What is the Law on Burglary in New Mexico and what are the Punishments for it?
Unless one approaches an experienced burglary lawyer, it can be tough to appreciate the distinctions between the property related crimes in New Mexico. After all, there are so many different kinds of property-related offenses in the state of New Mexico like larceny, robbery, burglary, and theft.
Hence, it is highly imperative to understand how these crimes are different from one another along with how burglary, along with other convictions may impact a person's life in the state.
Burglary laws in New Mexico
An act of burglary involves an illegal entry of any dwelling, aircraft, watercraft, vehicle, or any other structure, both immovable and movable where the person had an intention of committing any theft or felony therein. The act includes:
- Any individual who enters any watercraft, vehicle, aircraft, or some other structure, immovable or movable illegally with an intention of committing any theft or felony can be charged with a 4th-degree felony.
- When a person enters any dwelling house without proper authorization with the intention of committing any theft or felony therein can be held guilty of committing a 3rd-degree felony.
Possessing burglary tools: Possessing tools typically used while indulging in an act of burglary, demonstrates the person's intention of committing a crime.
Home invasion burglary: The act of breaking into a dwelling or a house having an intention of committing a felony or theft, and
Aggravated burglary: If the accused commits battery, meaning touches or hits the victim in an offensive or harmful manner or possesses a deadly weapon
There are times when all these offenses are clubbed together in New Mexico. For instance, a person might be charged with home invasion burglary, as well as an aggravated burglary. Hiring a good New Mexico lawyer can help the accused understand his/her criminal charges properly so that the lawyer can prepare the best defense possible.
There are several occasions when a burglary is confused with larceny and robbery. However, burglary entails breaking and then entering into a structure while larceny and robbery feature distinct legal requirements.
Robbery: When a person steals from another individual by threatening to use force.
Larceny: Includes a wide category of criminal offenses comprising robbing something that has value. Such crimes include identity theft and stealing of services and goods.
Charges of criminal trespassing: Include entering into a property after being told to leave or without permission. These charges are usually less severe and are more often misdemeanors.
Penalties for burglary in New Mexico
Criminal penalties in the state of New Mexico may vary based on the kind of crime, as well as, the value of the robbed property. These penalties are as follows:
Having burglary tools in possession: If proved can lead to a maximum prison term of 18 months ailing with a fine of 5,000 USD (4th- degree felony).
Burglary involving home invasion: a maximum prison term of 3 years and a fine of 5,000 USD (Considered as a 3rd-degree felony).
Aggravated burglary: A maximum prison term of 9 years along with a fine of 10,000 USD (treated as a 2nd-degree felony).

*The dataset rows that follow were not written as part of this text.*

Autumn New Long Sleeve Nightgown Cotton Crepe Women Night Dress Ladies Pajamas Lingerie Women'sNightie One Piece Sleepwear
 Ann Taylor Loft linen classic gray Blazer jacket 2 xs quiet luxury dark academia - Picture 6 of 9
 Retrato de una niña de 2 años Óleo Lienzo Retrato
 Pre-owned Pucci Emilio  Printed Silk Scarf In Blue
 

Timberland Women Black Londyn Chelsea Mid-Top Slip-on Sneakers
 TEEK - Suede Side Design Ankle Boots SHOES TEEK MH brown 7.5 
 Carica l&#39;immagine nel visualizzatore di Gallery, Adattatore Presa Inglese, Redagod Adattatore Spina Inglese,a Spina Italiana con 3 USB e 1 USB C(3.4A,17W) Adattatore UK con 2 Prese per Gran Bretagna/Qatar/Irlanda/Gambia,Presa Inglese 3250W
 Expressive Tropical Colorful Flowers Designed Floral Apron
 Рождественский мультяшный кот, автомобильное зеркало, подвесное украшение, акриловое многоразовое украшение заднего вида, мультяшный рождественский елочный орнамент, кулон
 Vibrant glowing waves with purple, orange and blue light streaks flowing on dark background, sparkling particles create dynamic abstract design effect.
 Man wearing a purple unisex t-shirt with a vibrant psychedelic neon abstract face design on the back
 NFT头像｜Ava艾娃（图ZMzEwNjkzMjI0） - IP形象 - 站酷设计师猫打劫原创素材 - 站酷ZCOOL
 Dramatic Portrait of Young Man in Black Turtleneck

Burglary of some other structure: A maximum prison term of 28 months and a fine of 5,000 USD.
An experienced burglary lawyer can reduce the defendant's charges or sentences. Also, based on the individual circumstances, the defendant might avoid with sentencing alternatives or sentencing altogether.
Burglary defenses in New Mexico
Burglary charges have several defenses available. These include no criminal intent, innocence, and procedure issues like seizure by law enforcement and an unlawful search.
With the help of a seasoned criminal defense lawyer, the defendant can be benefited from expert guidance as the former can do a detailed review of such cases and create a personalized strategy of defense on the basis of issues and facts surrounding that case.